L’Agenzia per l’Italia Digitale (AgID) ha pubblicato una serie di chiarimenti operativi rivolti ai prestatori di servizi fiduciari qualificati, in vista dell’attuazione del nuovo quadro europeo eIDAS 2 (Regolamento UE 2024/1183). Le indicazioni riguardano in particolare il periodo transitorio previsto dall’articolo 51, commi 3 e 4, e definiscono il percorso di adeguamento progressivo ai nuovi requisiti di sicurezza e conformità.
Per i fornitori già attivi nei servizi di firma e sigillo remoto, dal 21 maggio 2026 sarà obbligatorio completare, in collaborazione con gli organismi di valutazione della conformità (CAB), la qualificazione del nuovo servizio di gestione remota dei dispositivi qualificati. La documentazione di conformità dovrà essere trasmessa ad AgID e supportata da una valutazione formale del CAB accreditato secondo il framework eIDAS 2, che include un apposito rapporto di valutazione.
AgID precisa inoltre che il processo di adeguamento ai requisiti tecnici di dettaglio stabiliti dal regolamento di esecuzione UE 2025/1567 dovrà essere completato entro il 19 agosto 2027.

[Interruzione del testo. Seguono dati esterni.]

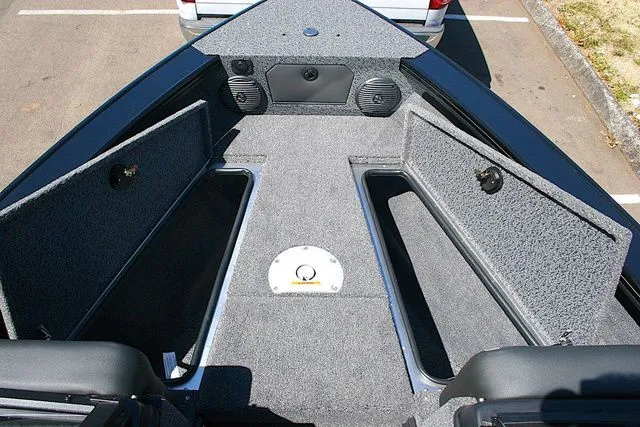 Slide: The Image of Lund 1875 Crossover XS 2026 - 13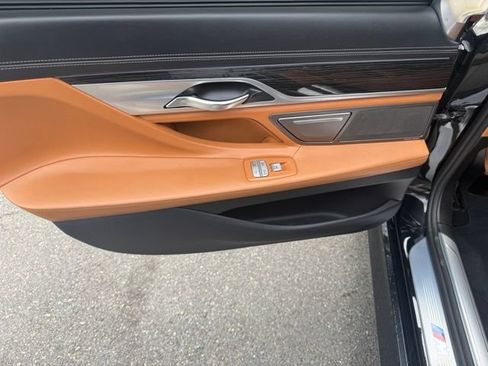 Used 2016 BMW 740i RWD image 18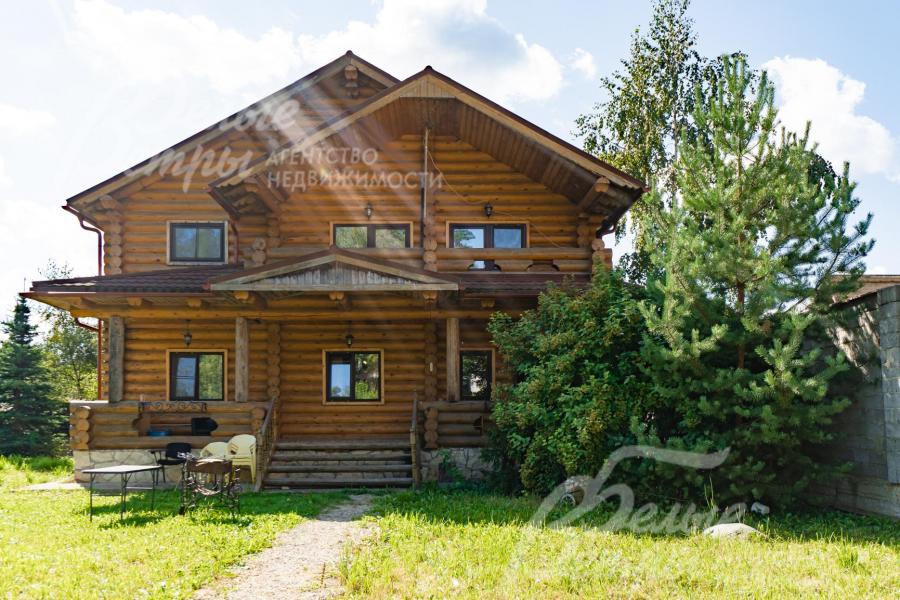 Деревянный дом с баней 200 кв.м в КП Бурцево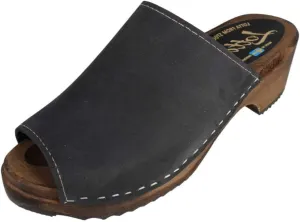 Berit Classic Clog Sandal with Open Toe for Women I Wooden Clog Mules Handcrafted in Sweden with Alder Wood Base and Genuine Oiled Nubuck Leather | Black
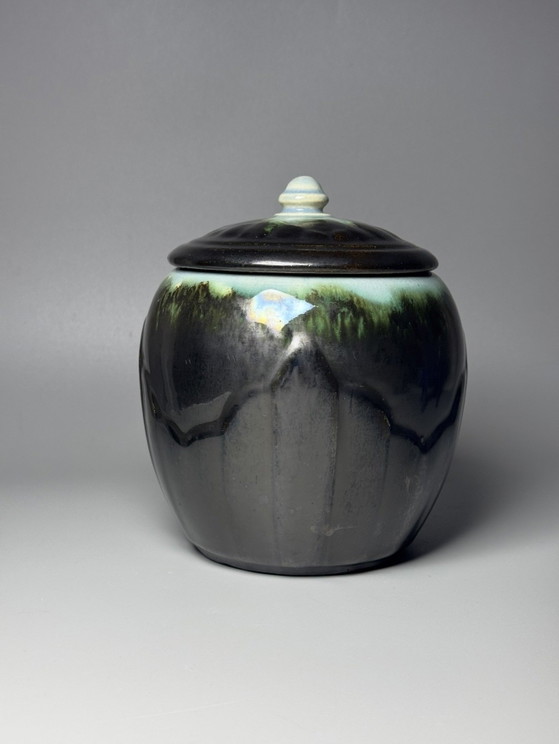 Vaso in ceramica Art Déco con coperchio — Faïencerie De Thulin, Belgio – Oggetti decorativi (photo 3 of 13)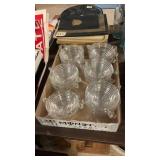 (17) Vintage Manhattan Pattern Berry Bowls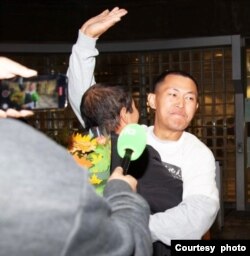 2023年11月20日晚上，界立建从旧金山县第一监狱被保释出来 (界力建本人提供)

Parallelamente, i prestatori già qualificati prima del 20 maggio 2024 dovranno presentare, entro il 21 maggio 2026, un’integrazione della valutazione di conformità relativa ai requisiti dell’articolo 24, che disciplina l’identificazione elettronica, le verifiche dell’identità e i metodi di identificazione remota. Anche in questo caso sarà necessario un Conformity Assessment Report (CAR) redatto con il supporto dei CAB.
Il CAR dovrà attestare la conformità dei processi di identificazione e attribuzione dell’identità secondo le nuove regole europee, con riferimento agli standard tecnici e regolamentari aggiornati.
AgID conferma infine che, una volta completata l’istruttoria e verificata la documentazione, la qualifica dei nuovi servizi sarà formalizzata con specifico provvedimento amministrativo.